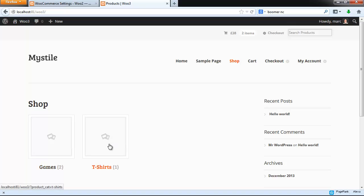These are our two main product categories with the product count in brackets. Notice that they're missing their thumbnail image, so you would probably want to add that if you're going to use this feature. And I'm going to go back and show both.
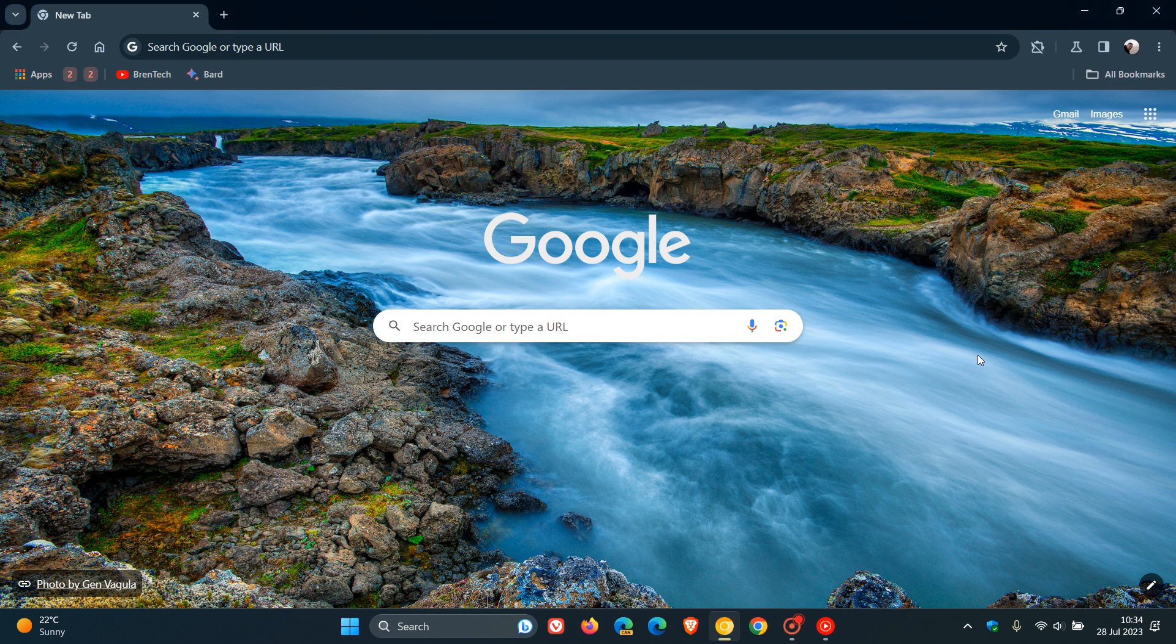Hi brentek here where tech is made simple. Just another quick update regarding the Google Chrome UI refresh for 2023, where Google is bringing more rounded corners and more material design changes to the desktop browser.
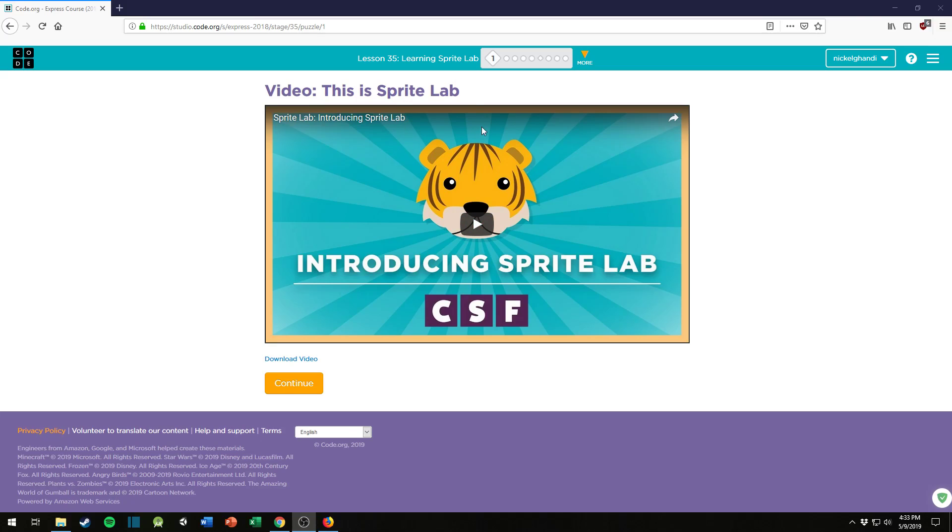Alright, welcome back to another Code.org video. Today we're doing Lesson 35, Learning Sprite Lab.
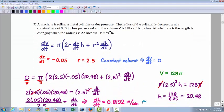Alright, now let's look at some related rate problems. A machine is rolling a metal cylinder. The radius of the cylinder is decreasing at a rate of 0.05 inches per second. Always remember: when you see the word 'decreasing,' that value will be negative. Rate is always your derivative, so dr/dt equals negative 0.05. The volume is 128 cubic inches. At what rate is the length h changing when the radius is 2.5 inches?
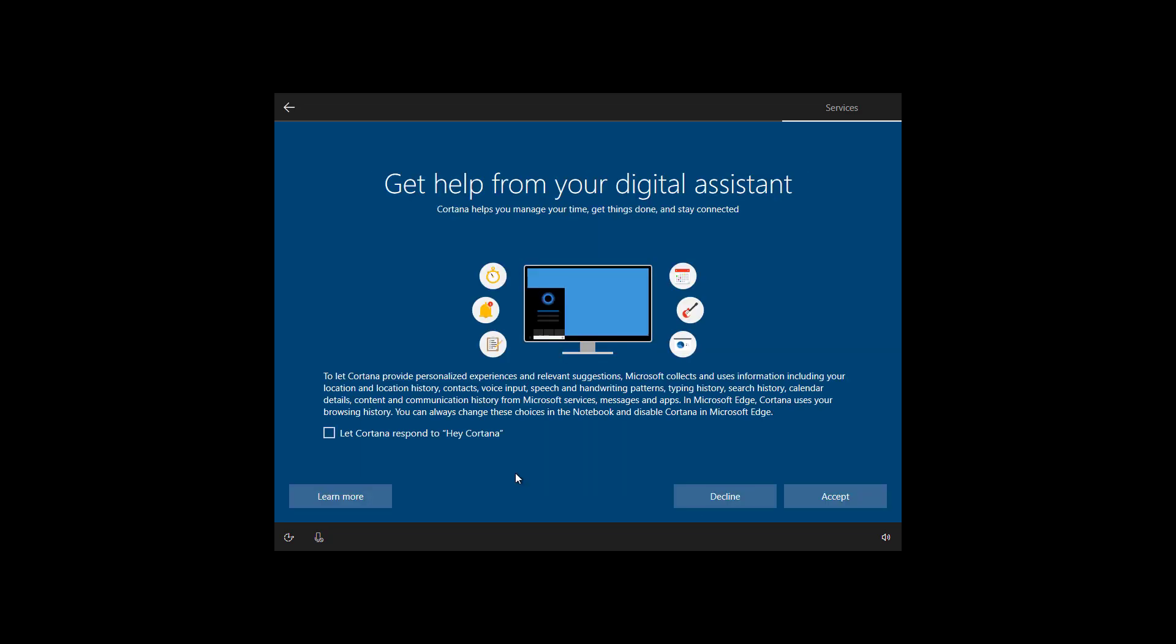And this section is where you can allow or deny the use of Cortana on Windows 10. You also have the option to use Cortana hands-free using the hey Cortana voice command. You can check that if you want to, otherwise leave it unchecked. And for this case, I'm just going to clear that option and I'm going to use Cortana on my PC, so I'm going to click the accept button.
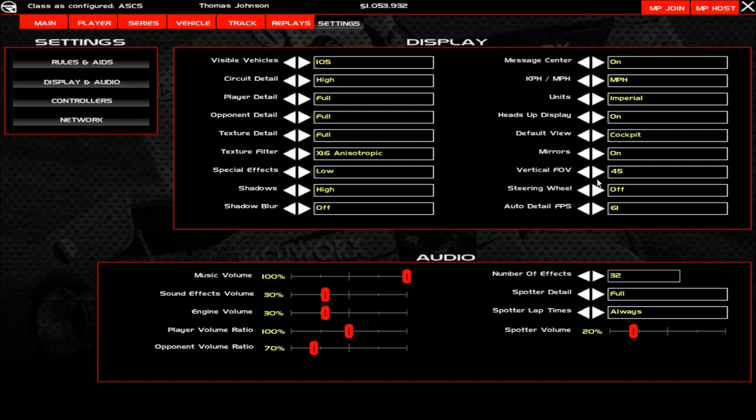The steering wheel can be off, visible and moving, or fixed. For default view you have cockpit, nose, and swing man. However, once you come into our servers, we will no longer allow swing man because you can see cars behind you too well and it enables blocking. The only views allowed in our server are TV Cockpit, Cockpit, and Nose. I run Cockpit myself.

──────────────────────────────

**EXERCISE PROMPT**
Apart from the images, please copy every line of the data exactly as written.

**RESULT OF THIS TASK**
These are our two main product categories with the product count in brackets. Notice that they're missing their thumbnail image, so you would probably want to add that if you're going to use this feature. And I'm going to go back and show both.
Hi brentek here where tech is made simple. Just another quick update regarding the Google Chrome UI refresh for 2023, where Google is bringing more rounded corners and more material design changes to the desktop browser.
Alright, welcome back to another Code.org video. Today we're doing Lesson 35, Learning Sprite Lab.
Alright, now let's look at some related rate problems. A machine is rolling a metal cylinder. The radius of the cylinder is decreasing at a rate of 0.05 inches per second. Always remember: when you see the word 'decreasing,' that value will be negative. Rate is always your derivative, so dr/dt equals negative 0.05. The volume is 128 cubic inches. At what rate is the length h changing when the radius is 2.5 inches?
And this section is where you can allow or deny the use of Cortana on Windows 10. You also have the option to use Cortana hands-free using the hey Cortana voice command. You can check that if you want to, otherwise leave it unchecked. And for this case, I'm just going to clear that option and I'm going to use Cortana on my PC, so I'm going to click the accept button.
The steering wheel can be off, visible and moving, or fixed. For default view you have cockpit, nose, and swing man. However, once you come into our servers, we will no longer allow swing man because you can see cars behind you too well and it enables blocking. The only views allowed in our server are TV Cockpit, Cockpit, and Nose. I run Cockpit myself.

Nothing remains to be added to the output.